Author:
Zhou Min,Fang Fu-Tao,Zeng Cong,Zhang Li-Hong,Zhou Cheng-Xu,Zhu Zhuo-Yi
Abstract
How the microbial community response to carbon degradation is unclear, while it plays an essential role in predicting microbial community shift and determining carbon cycling. Surface sediments in two contrasting aquacultural tidal flat sites in Fujian Province, China, were collected in October, 2020. In addition to 16s rRNA gene high-throughput sequencing for determining bacteria and archaea biodiversity, an amino acids-based molecular degradation index DI was used to quantify the carbon degradation status. The results revealed that the microorganism response to DI at the family level was community competition.
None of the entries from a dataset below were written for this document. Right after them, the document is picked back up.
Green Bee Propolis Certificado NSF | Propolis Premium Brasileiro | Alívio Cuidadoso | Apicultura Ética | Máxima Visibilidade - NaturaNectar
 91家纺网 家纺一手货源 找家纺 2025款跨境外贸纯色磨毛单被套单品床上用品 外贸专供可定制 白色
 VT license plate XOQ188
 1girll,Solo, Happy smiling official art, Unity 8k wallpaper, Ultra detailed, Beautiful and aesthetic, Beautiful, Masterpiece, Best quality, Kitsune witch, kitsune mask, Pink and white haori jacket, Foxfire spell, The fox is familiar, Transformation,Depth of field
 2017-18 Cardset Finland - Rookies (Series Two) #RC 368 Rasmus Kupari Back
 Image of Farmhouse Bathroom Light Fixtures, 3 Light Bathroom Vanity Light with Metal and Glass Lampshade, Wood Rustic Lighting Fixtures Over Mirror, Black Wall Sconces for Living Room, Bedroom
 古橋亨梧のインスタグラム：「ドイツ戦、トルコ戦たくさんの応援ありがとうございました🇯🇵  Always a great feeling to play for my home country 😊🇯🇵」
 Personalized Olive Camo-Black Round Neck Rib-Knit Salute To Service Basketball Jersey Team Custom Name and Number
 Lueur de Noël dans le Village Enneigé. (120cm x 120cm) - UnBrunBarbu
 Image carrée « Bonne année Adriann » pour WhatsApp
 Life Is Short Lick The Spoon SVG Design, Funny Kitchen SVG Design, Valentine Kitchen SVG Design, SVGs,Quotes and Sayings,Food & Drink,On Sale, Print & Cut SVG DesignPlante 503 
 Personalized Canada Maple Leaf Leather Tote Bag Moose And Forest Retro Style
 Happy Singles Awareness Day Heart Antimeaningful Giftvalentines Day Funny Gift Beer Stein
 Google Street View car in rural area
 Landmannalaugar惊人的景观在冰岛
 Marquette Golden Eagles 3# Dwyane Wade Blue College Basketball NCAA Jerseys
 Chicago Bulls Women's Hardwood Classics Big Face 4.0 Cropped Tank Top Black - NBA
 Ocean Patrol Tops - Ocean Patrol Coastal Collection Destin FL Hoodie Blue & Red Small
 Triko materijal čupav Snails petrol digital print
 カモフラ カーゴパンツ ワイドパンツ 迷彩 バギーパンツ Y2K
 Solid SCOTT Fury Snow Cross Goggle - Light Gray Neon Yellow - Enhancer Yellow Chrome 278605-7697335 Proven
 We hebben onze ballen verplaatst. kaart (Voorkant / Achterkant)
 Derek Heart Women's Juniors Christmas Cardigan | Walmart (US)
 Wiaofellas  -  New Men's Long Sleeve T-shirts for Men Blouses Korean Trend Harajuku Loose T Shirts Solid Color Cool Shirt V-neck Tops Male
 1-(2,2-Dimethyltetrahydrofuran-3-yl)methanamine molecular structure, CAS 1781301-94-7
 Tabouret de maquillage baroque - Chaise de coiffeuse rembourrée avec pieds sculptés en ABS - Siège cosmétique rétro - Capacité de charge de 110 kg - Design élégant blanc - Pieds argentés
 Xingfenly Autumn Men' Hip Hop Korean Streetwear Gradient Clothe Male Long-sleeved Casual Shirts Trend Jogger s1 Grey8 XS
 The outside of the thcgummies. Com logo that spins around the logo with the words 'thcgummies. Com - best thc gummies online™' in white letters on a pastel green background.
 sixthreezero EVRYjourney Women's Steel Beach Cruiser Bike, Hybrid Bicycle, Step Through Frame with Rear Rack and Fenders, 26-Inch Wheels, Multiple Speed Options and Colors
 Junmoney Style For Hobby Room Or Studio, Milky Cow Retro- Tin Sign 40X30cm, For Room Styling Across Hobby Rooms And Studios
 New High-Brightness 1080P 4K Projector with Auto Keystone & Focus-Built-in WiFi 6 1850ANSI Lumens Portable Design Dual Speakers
Specifically, the winning microbes that grew under carbon degradation (i.e., operational taxa unit numbers negatively related with the degradation index) accounted for only 18% of the total family number, but accounted for 54% of the total operational taxa unit numbers. Network analysis confirmed the oppressive relation between winners and the rest (losers + centrists), and further suggested the losers survival strategy as uniting the centrists. These findings shed new light on microorganism feedback to carbon degradation, and provide a scientific basis for the explanation of microbial community shift under progressive carbon degradation.
Funder
Ministry of Science and Technology of the People's Republic of China
National Natural Science Foundation of China
Subject
Ocean Engineering,Water Science and Technology,Aquatic Science,Global and Planetary Change,Oceanography
Cited by
2 articles.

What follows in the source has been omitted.